"Cyrano, inventeur d’une science fiction."

par K.S.

Sur « Papiers recyclés » http://papiers-recycles.blogspot.com/ Cyrano, inventeur d’une science fiction.

« Si l’on peut voir dans certains livres de la Bible, dans les mythologies égyptienne, grecque et romaine, des événements similaires à ce que l’on rencontre dans les romans de SF moderne, l’association science et fiction, avec l’articulation d’un récit dans un champ scientifique particulier prend corps avec cette curieuse aventure narrée par Savinien Cyrano de Bergerac. »

L’auteur de cet article met en lumière tout à la fois l’invention et la drôlerie de cette « histoire co¬mique », et le courage et l’audace de Savinien Cyrano de Bergerac, le « vrai », dont Edmond Rostand s’est inspiré pour sa célèbre pièce de théâtre.
En effet, comme le soulignait André Knoerr [1], Cyrano est un véritable penseur libre. Il va délibérément à l’encontre des idées reçues de son temps, telles que les imposent l’Eglise et le pouvoir royal.

Son voyage aux « Etats et Empires de la Lune et du Soleil » s’appuie sur des découvertes, des affirmations de scientifiques, Copernic, Gassendi, Galilée, entre autres, contestées par les institutions religieuses et politiques, mais ce récit « d’imagination » parvient à passer pour une simple fantaisie aux yeux du lecteur non averti.

Bien avant Jules Verne, Savinien Cyrano de Bergerac imagine toutes sortes de techniques et d’appareils qui verront le jour plusieurs siècles plus tard.

Par ailleurs, au travers des considérations sur ces mondes différents, filtre tout un ensemble d’idées philosophiques et politiques qui, énoncées directement, vaudraient à leur auteur d’être traîné devant l’Inquisition. Eventualité, du reste, évoquée dans le premier récit (Les Etats et Empires de la Lune) : «  Les prêtres, cependant, furent avertis que j’avais osé dire que la Lune était un monde dont je venais, et que leur monde n’était qu’une lune. Ils crurent que cela leur fournissait un prétexte assez juste pour me faire condamner à l’eau (c’était la façon d’exterminer les athées). [2]  ». A noter l’inversion, un des outils de la science-fiction, sur terre les athées étant brûlés.

Sur « Papiers recyclés  », l’auteur fait remarquer la place de la pomme dans l’énoncé des découvertes scientifiques de l’époque. En effet, le héros de Cyrano « alunit » sous un pommier. « Etonnamment, c’est grâce à la chute d’une pomme – si l’on en croit la légende contée par Voltaire – qu’en 1684, Isaac Newton expérimente sa théorie de gravitation universelle. » Le même personnage rencontre le « Démon de Socrate » qui a fui la terre, peuplée de sots grossiers et d’ignorants, après avoir toutefois apprécié Campanella [3], La Mothe Le Vayer [4] et Gassendi [5].

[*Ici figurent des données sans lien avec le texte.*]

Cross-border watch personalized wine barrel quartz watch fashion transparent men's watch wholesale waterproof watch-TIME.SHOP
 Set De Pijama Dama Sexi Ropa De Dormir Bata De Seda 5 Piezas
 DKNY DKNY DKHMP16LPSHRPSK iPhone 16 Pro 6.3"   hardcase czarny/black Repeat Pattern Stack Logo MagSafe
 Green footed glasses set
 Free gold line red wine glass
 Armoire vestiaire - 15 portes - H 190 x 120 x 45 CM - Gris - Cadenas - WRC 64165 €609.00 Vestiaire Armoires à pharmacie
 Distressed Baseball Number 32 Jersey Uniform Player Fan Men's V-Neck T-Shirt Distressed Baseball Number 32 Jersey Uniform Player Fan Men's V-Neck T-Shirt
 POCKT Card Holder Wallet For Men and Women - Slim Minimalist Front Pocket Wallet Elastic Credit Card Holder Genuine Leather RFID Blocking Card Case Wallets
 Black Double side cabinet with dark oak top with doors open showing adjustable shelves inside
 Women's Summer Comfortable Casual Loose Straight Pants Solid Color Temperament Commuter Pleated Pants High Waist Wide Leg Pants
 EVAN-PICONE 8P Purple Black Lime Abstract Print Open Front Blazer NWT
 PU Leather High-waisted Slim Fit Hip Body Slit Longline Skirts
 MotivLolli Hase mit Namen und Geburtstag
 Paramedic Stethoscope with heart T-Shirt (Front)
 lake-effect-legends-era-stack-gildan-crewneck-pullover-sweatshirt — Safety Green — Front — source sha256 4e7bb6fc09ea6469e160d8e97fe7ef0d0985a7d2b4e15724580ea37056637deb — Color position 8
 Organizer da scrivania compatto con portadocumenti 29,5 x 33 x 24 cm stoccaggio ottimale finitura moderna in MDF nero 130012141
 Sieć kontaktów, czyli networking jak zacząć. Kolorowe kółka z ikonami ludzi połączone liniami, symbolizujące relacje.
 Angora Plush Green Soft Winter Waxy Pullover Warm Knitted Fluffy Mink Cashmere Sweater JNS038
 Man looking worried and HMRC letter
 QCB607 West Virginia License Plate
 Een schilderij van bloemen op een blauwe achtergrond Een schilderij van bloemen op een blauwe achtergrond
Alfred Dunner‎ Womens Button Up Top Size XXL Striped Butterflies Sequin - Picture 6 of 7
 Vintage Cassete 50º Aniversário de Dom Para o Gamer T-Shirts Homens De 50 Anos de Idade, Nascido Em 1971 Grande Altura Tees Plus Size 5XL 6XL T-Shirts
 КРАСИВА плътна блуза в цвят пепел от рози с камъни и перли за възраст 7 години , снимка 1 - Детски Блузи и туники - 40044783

Lors d’une controverse avec les Lunaires, le voyageur est pris à partie, des savants peu tolérants le promettent à la mort, cependant lors de son procès, il est défendu par un autre, arguant que tout homme est libre et peut s’imaginer ce qu’il voudra, qu’il continuera de croire ce qu’il veut, même s’il avoue penser le contraire. Une critique des méthodes en cours à l’époque pour obtenir des aveux.

Autant de bonnes raisons pour découvrir, ou relire, ces pages savoureuses et vivantes d’un auteur injustement méconnu. Merci donc à François Denivet et à « Papiers recyclés » pour cette incitation.